= Pauline Dempers =

Namibian human rights activist and politician

Pauline Frannzisca Dempers (born 28 April 1962 in Aranos, Hardap Region) is a Namibian human rights activist and politician. In 1996, Dempers became national coordinator for Breaking the Wall of Silence (BWS), a group which advocates for the rights of those detained by SWAPO during the Namibian War of Independence. Dempers was active with the Congress of Democrats.

==Career==
Dempers was a prominent anti-apartheid activist in southern Namibia prior to fleeing into exile in 1983 to join SWAPO. She was arrested by SWAPO in 1986 while living in a refugee camp near Lubango in southern Angola.
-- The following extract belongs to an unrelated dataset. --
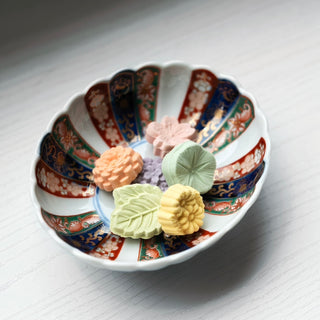 Old Imari style frills mini bowl [Hasami-yaki]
Along with hundreds of other Namibian exiles, Dempers was accused of having turned against the liberation movement, and of spying on behalf of the oppressors. They were tortured and held in the 'dungeons' of Lubango in the final years of the Namibian War of Independence. She was released in March 1989 and repatriated to Namibia following the moves towards independence which culminated in March 1990.

Dempers became national coordinator for Breaking the Wall of Silence (BWS) in 1999, three years after its formation. BWS is a non-governmental organization named after Siegfried Groth's book Namibia. The Wall of Silence that exposed the atrocities at Lubango. At that time she had quit SWAPO and joined the opposition party Congress of Democrats (CoD). In 2007, Dempers was part of a controversy as a member of the CoD's central committee. She and other committee members were expelled by a faction of the party led by Ben Ulenga. She joined up with the faction led by Ignatius Shixwameni and formed an 'interim national committee'.

In March 2008, close friend and fellow detainee Kalla Gertze died from an asthma attack. In eulogising Gertze, Dempers called for members of the National Assembly to open the debate on the Lubango detainees.